> [PROBLEM REQUIREMENTS]: In the records that follow, find the line containing "Puzzle Da 1000" and the line containing "Monogram V Tote MM Black", then transcribe both and every line between them exactly, omitting pictures.

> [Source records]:
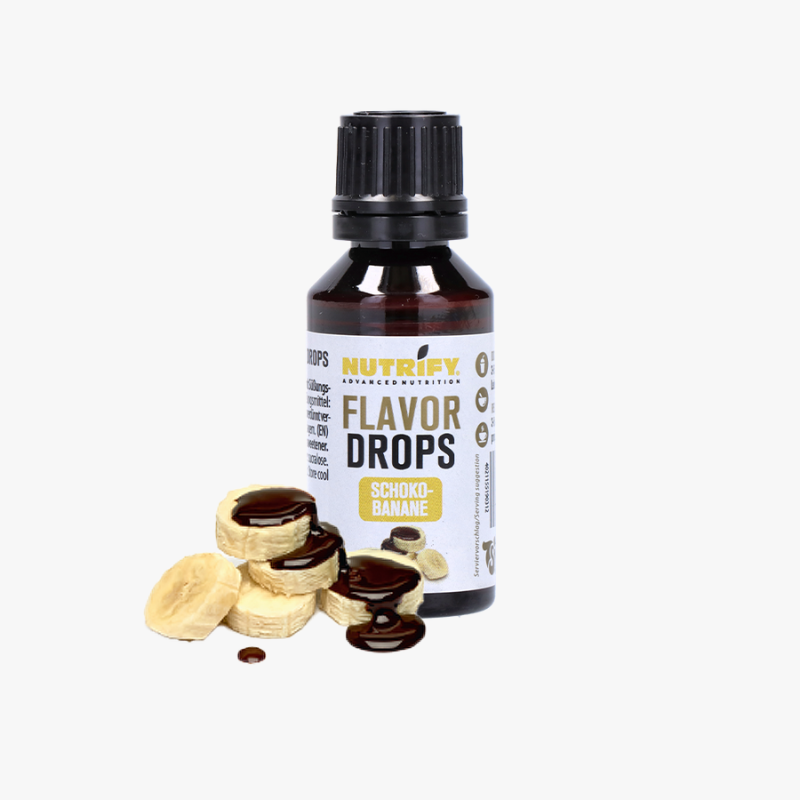 NUTRIFY Flavor Drops ohne Zucker - FlavDrops Schoko-Banane
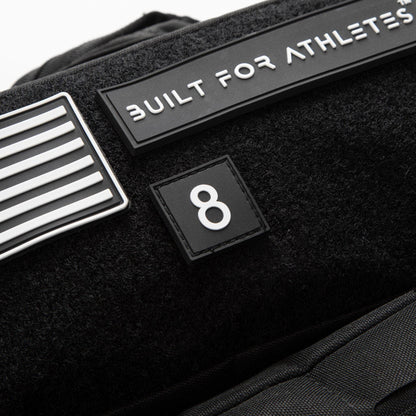 Built for Athletes Patches 0-9 Number Rubber Patches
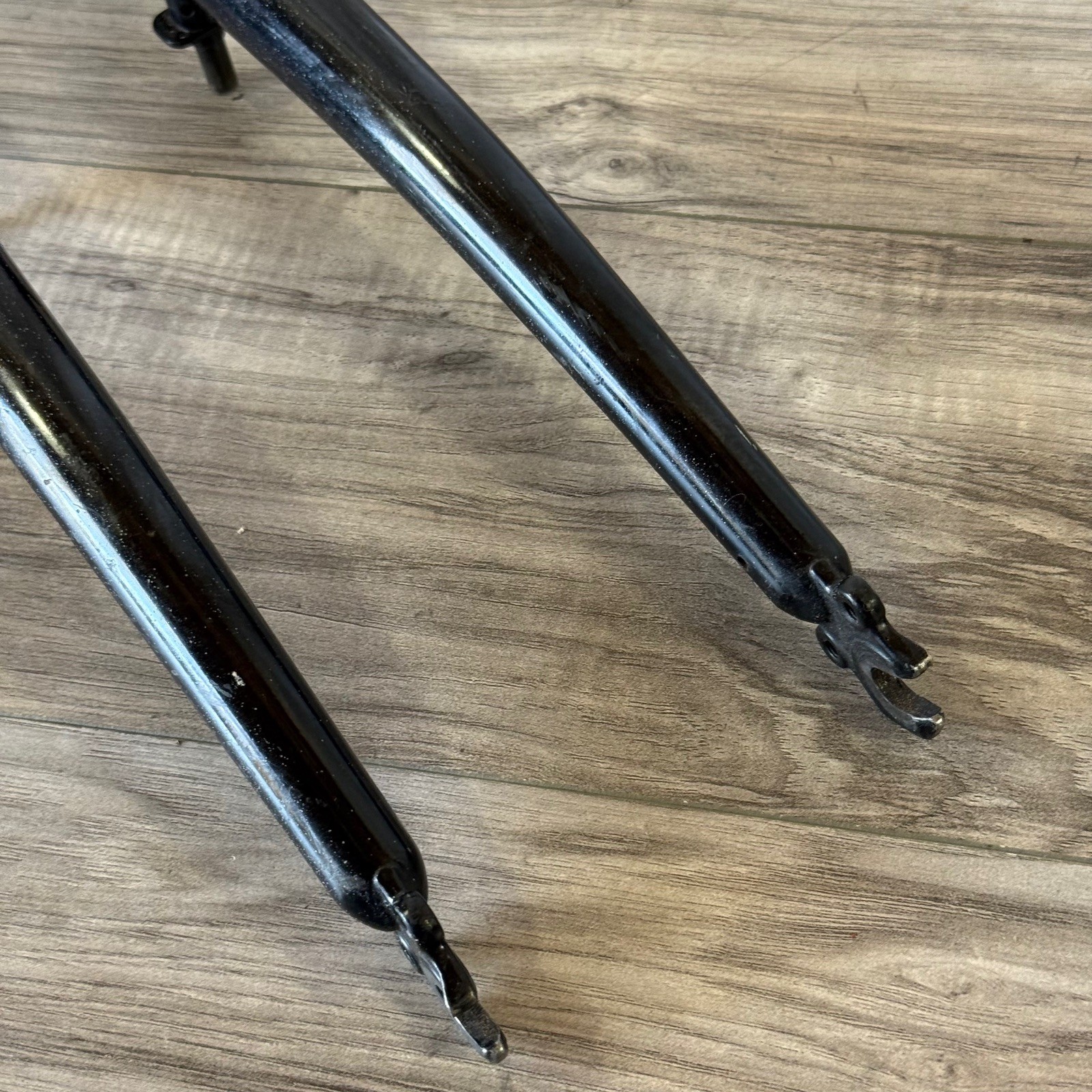Vintage 90s  1 1/8 Threaded MTB Fork 26 150mm 395 Axle-Crown Back Blue Sparkle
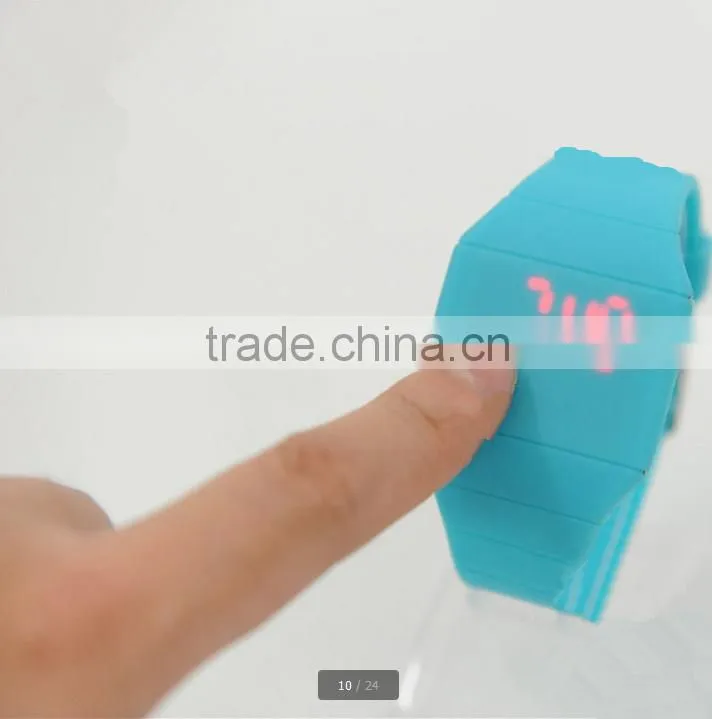 2013 silicone led touch screen watches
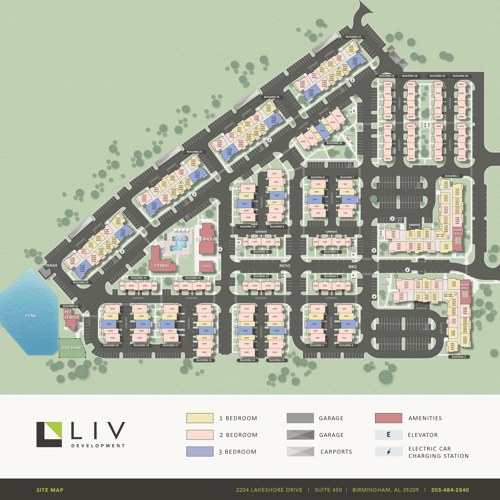 Site Map_Livano Pflugerville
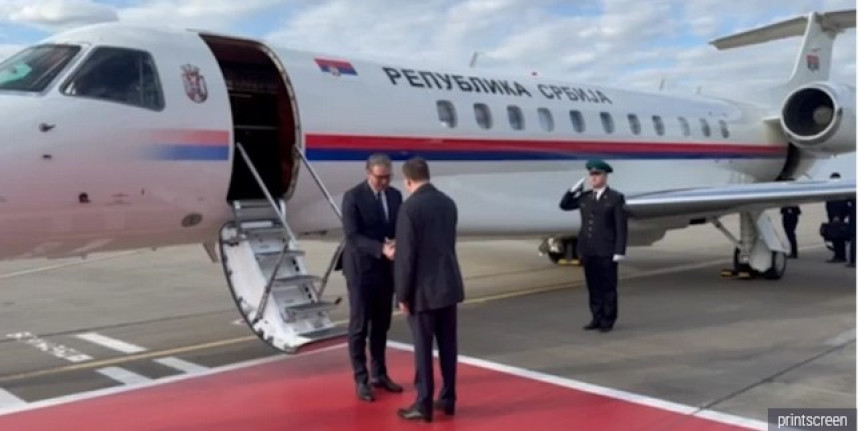 Vučić stigao u Rusiju, doček prenosila uživo glavna ruska televizija (VIDEO)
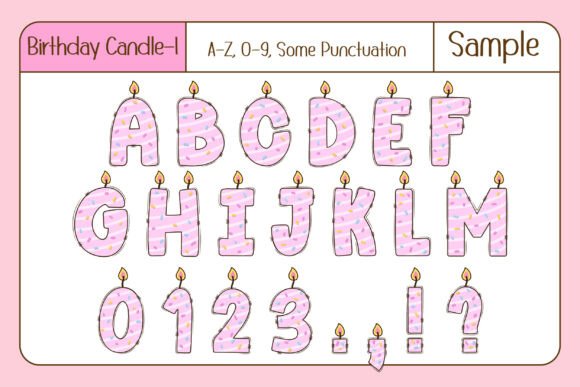 Birthday Candle Font - Preview 2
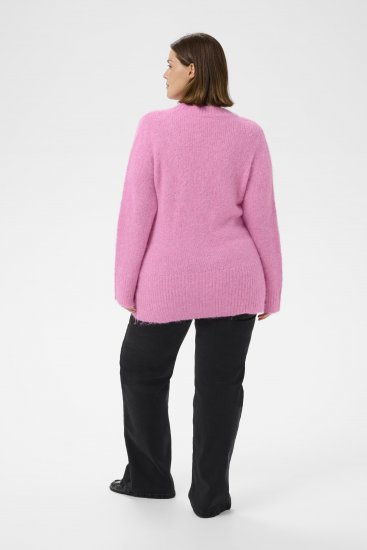 Kaffe Curve Emilia Pullover Pink Power Melange - Kaffe Curve - 
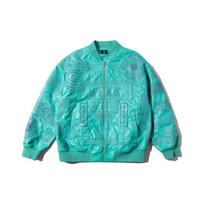 Li Ning Badfive Printed Zipper Long Sleeve Loose Jacket Men Jacket Green AJDR483-1 XL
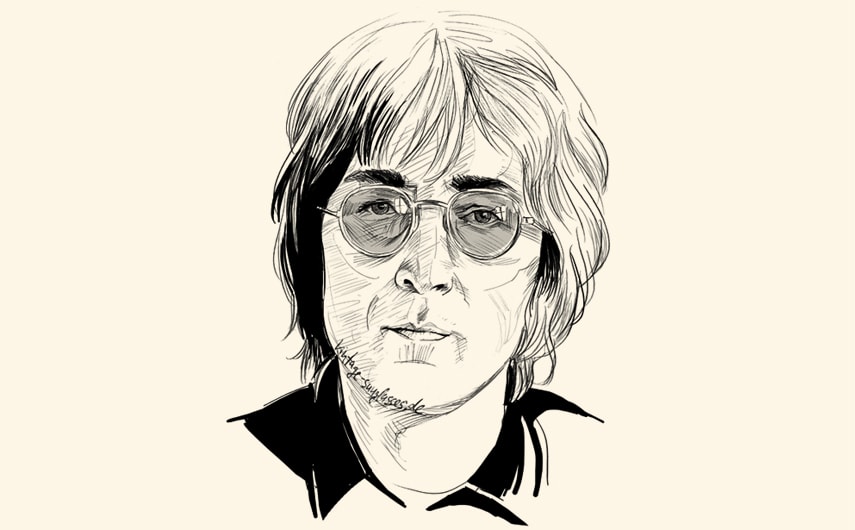 John Lennon was well known for his round glasses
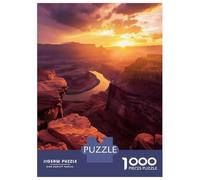 Puzzle Da 1000 Pezzi Per Adolescenti Canyon Glow at Sundown Puzzle Per Adulti Gioco Rompicapo Antistress Per Compleanno, Natale 52x38cm/1000pcs
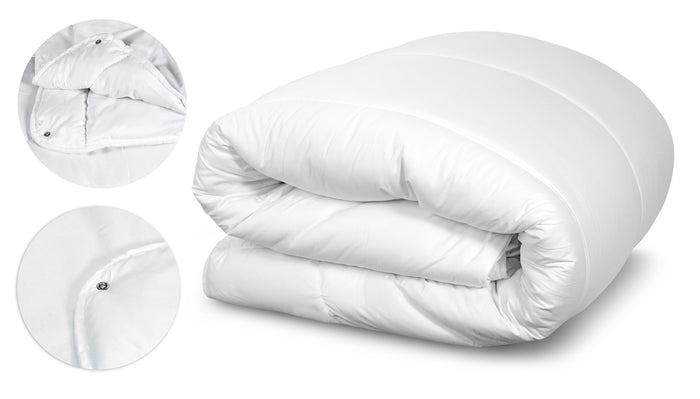 AIO FACTORY Piumino 200x220 cm 4 Stagioni Microfibra Antiallergica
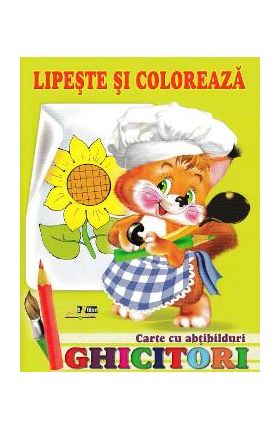 Ghicitori - Veverita - Lipeste si coloreaza. Carte cu abtibilduri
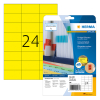 Herma Special 4466 étiquettes amovibles A4 70 x 37 mm (480 étiquettes) - jaune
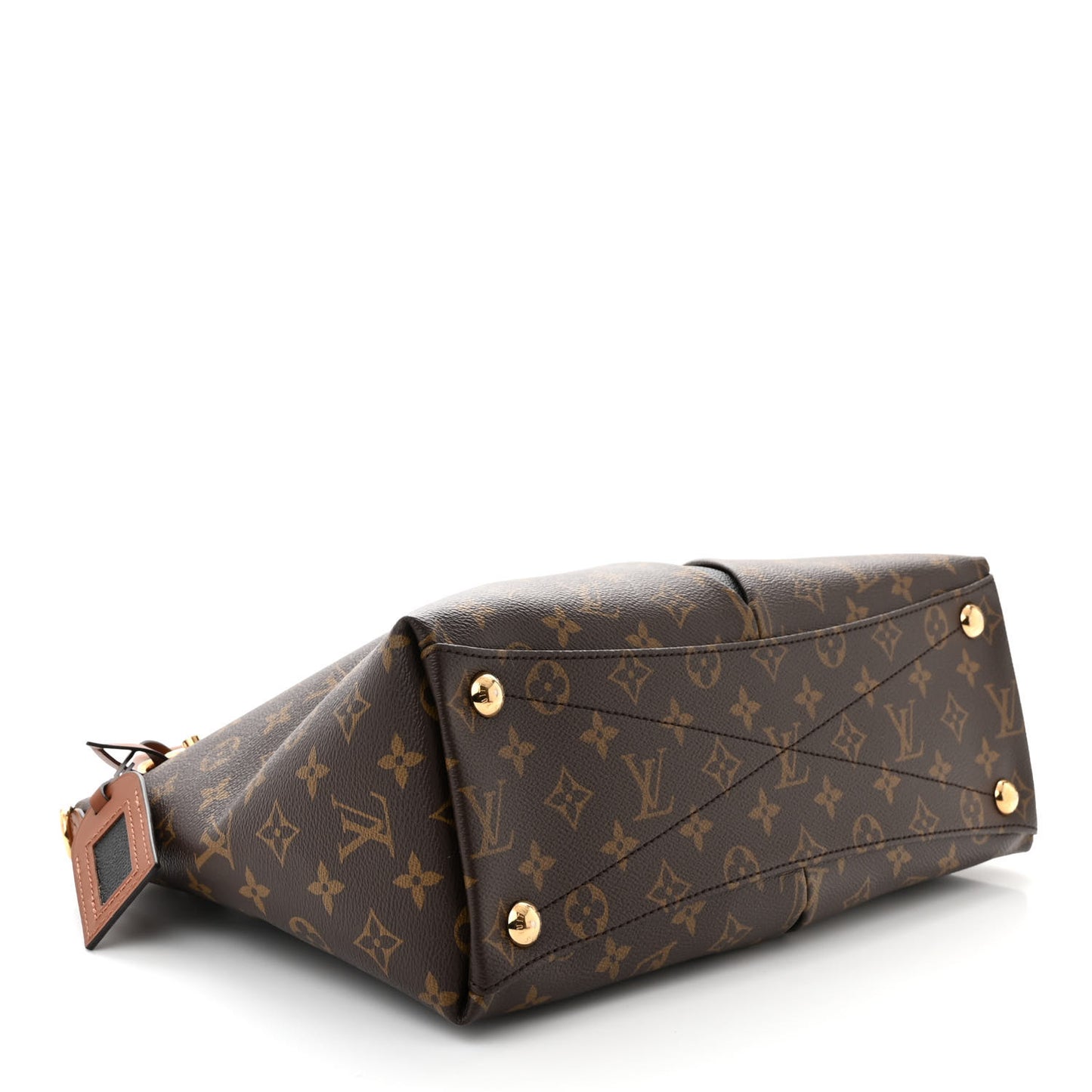 Monogram V Tote MM Black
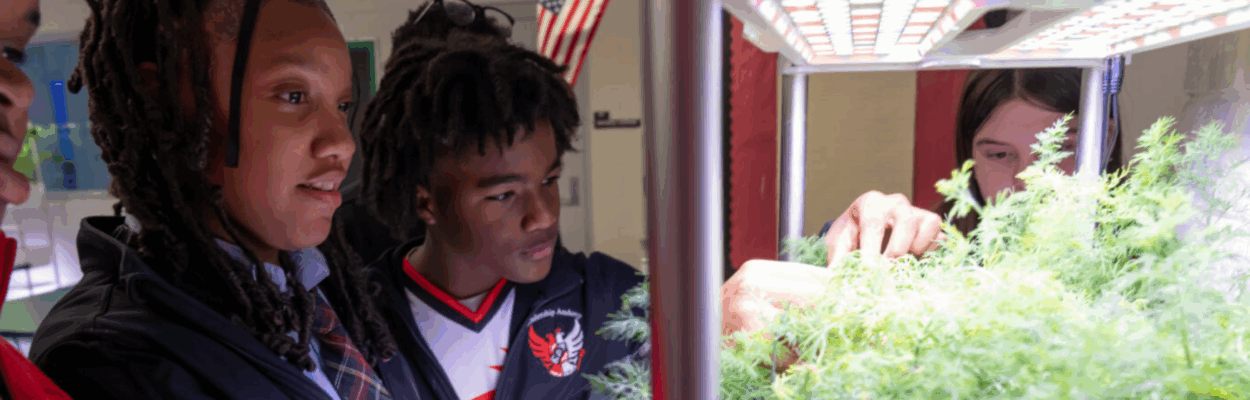 Students at the school soon to be known as Jacksonville STEM Academy at Eugene Butler.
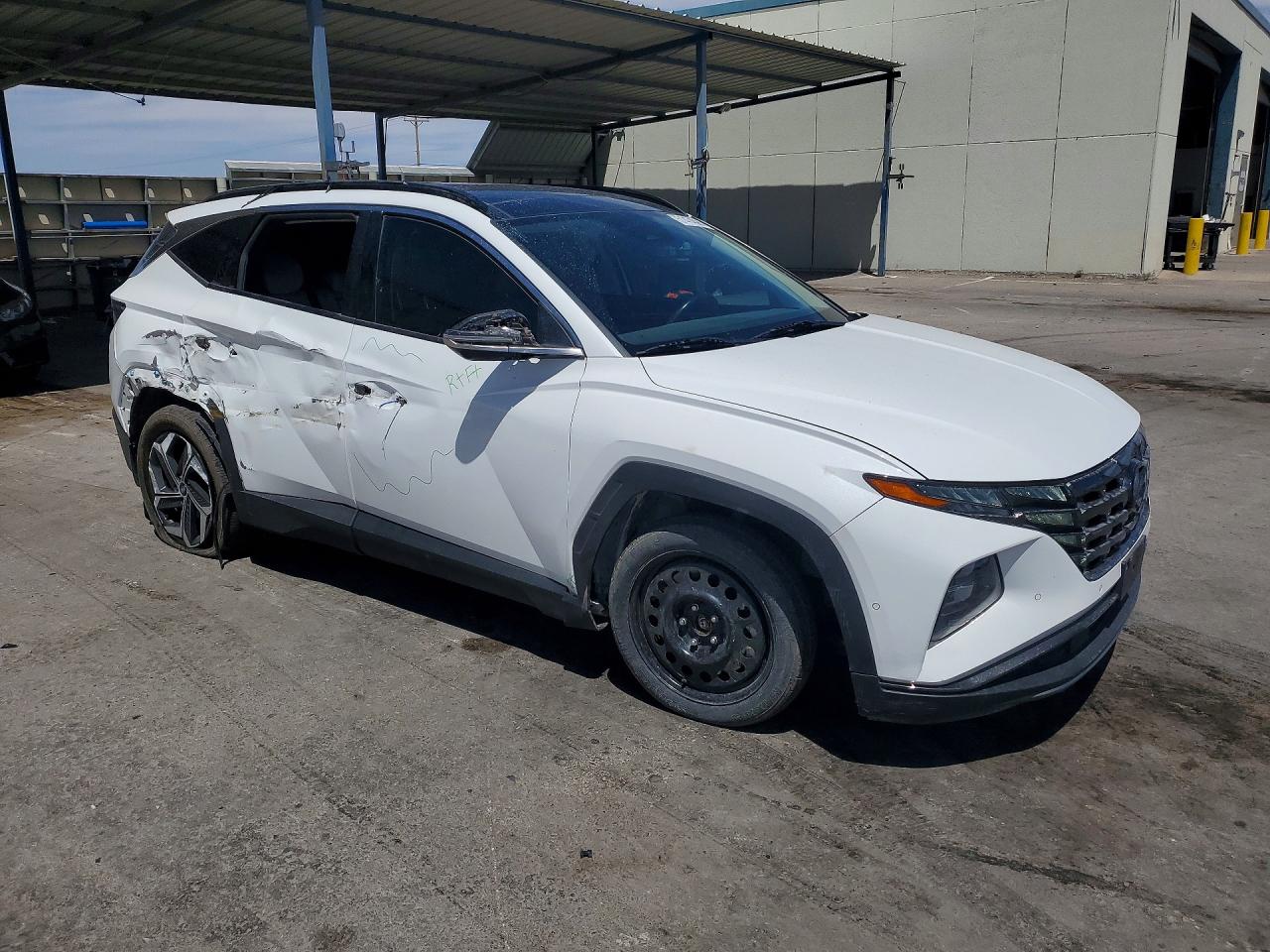 2023 Hyundai Tucson Белый vin: 5NMJE3AE6PH243369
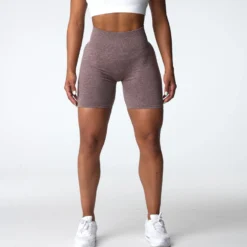 Cocoa Scrunch Seamless Shorts -NVGTN Store DSC03580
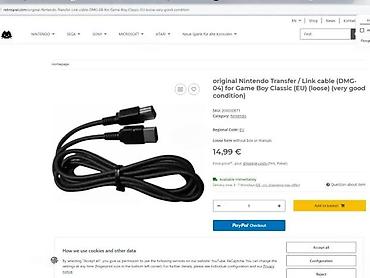 Oprema za video igre: Originalni Nintendo Link kabel DMG-04 za Game Boy Classic (EU) - — 2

> [FINAL ANSWER]:
 Puzzle Da 1000 Pezzi Per Adolescenti Canyon Glow at Sundown Puzzle Per Adulti Gioco Rompicapo Antistress Per Compleanno, Natale 52x38cm/1000pcs
 AIO FACTORY Piumino 200x220 cm 4 Stagioni Microfibra Antiallergica
 Ghicitori - Veverita - Lipeste si coloreaza. Carte cu abtibilduri
 Herma Special 4466 étiquettes amovibles A4 70 x 37 mm (480 étiquettes) - jaune
 Monogram V Tote MM Black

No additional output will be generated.